■ **Assignment**: Starting at the line that contains "Case per computer" and stopping after the line that contains "Rare Intact Antique", transcribe the listing below exactly; do not include any pictures.

■ **Records provided**:
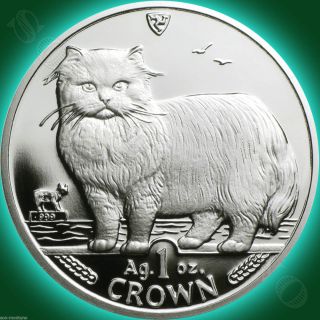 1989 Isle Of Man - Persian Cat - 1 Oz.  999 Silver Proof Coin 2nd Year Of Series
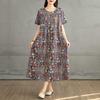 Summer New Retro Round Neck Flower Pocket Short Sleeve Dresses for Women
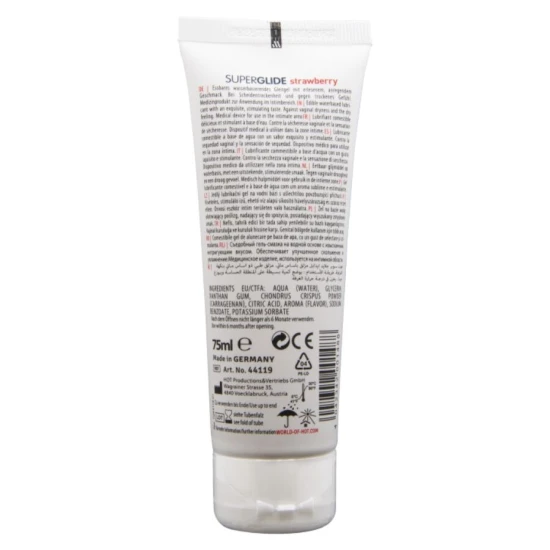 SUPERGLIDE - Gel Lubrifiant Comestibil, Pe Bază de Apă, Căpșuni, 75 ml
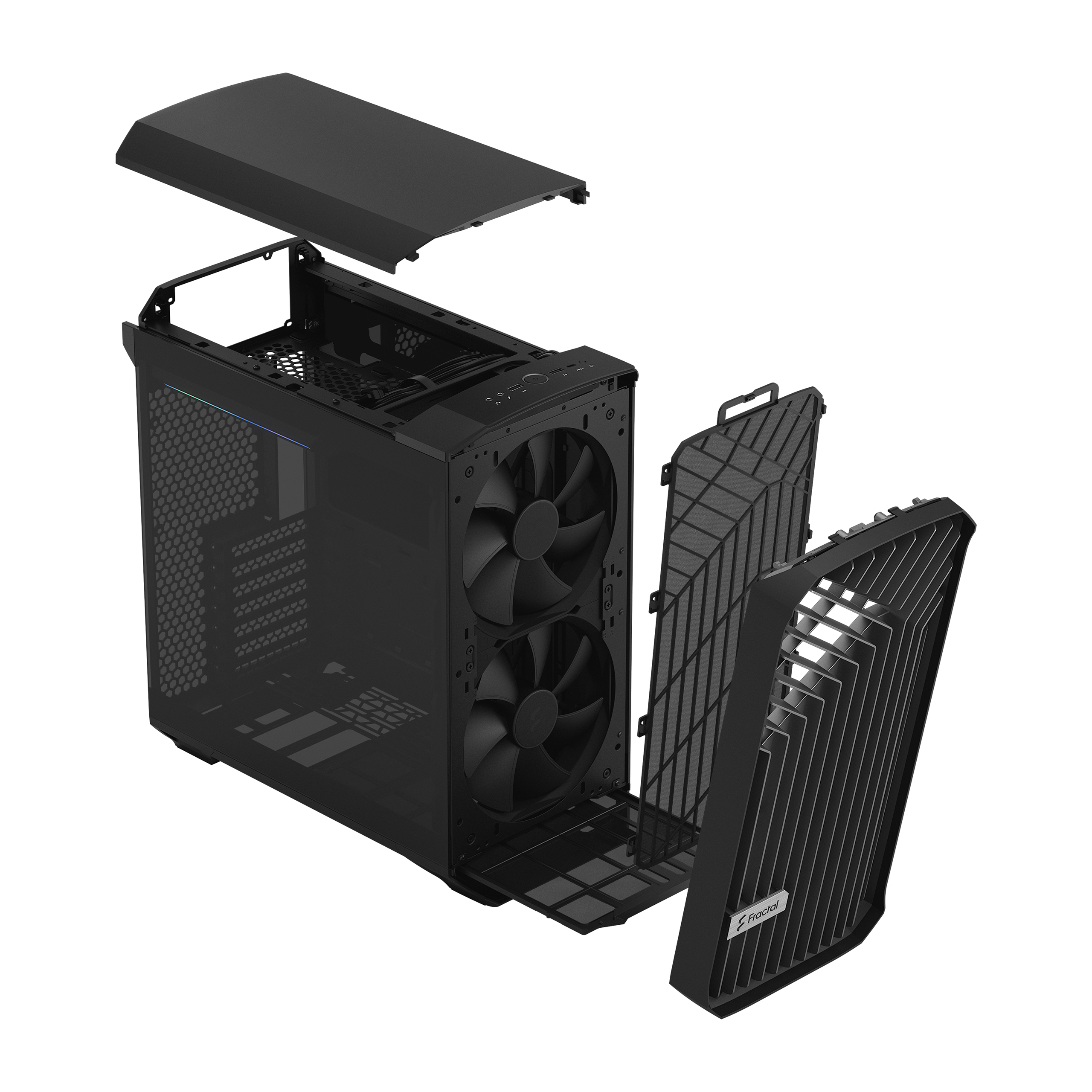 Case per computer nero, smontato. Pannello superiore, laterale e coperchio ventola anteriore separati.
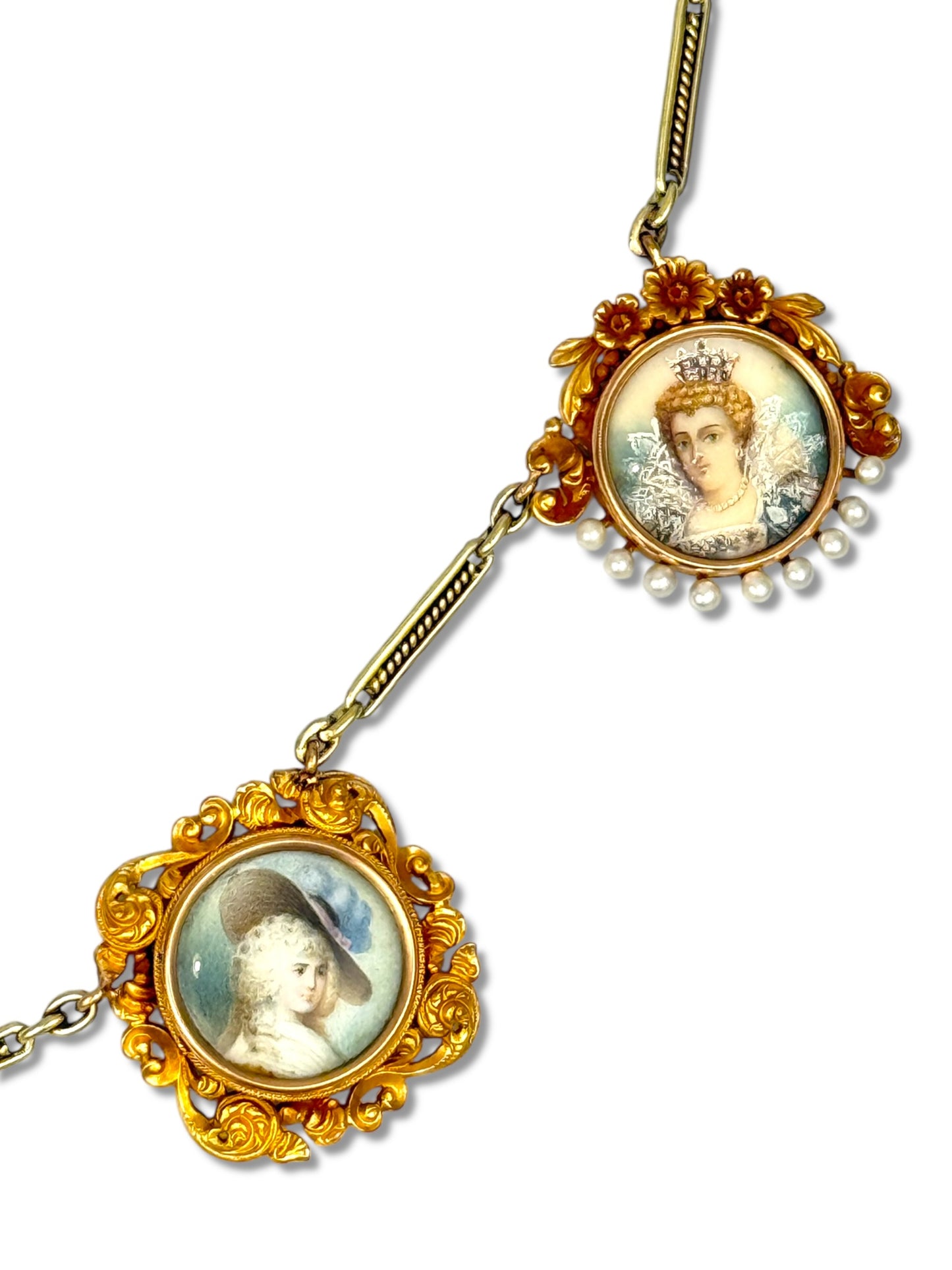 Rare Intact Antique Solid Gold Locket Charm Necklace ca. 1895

---

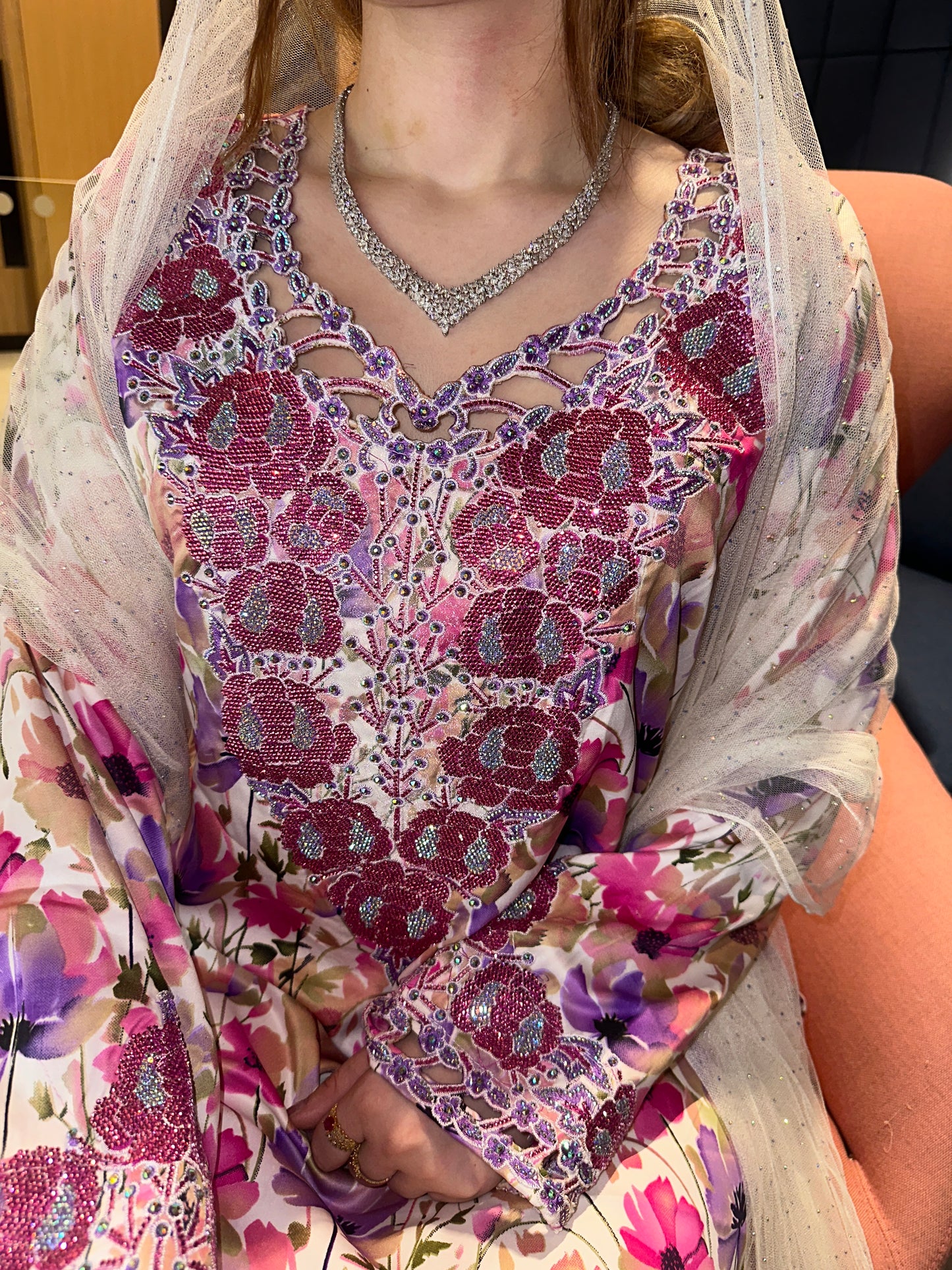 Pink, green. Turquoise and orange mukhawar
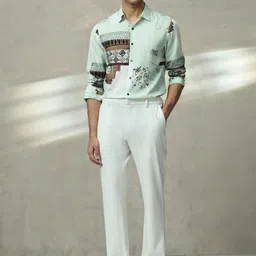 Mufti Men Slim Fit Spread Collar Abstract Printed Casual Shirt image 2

■ **Solved problem**:
 Case per computer nero, smontato. Pannello superiore, laterale e coperchio ventola anteriore separati.
 Rare Intact Antique Solid Gold Locket Charm Necklace ca. 1895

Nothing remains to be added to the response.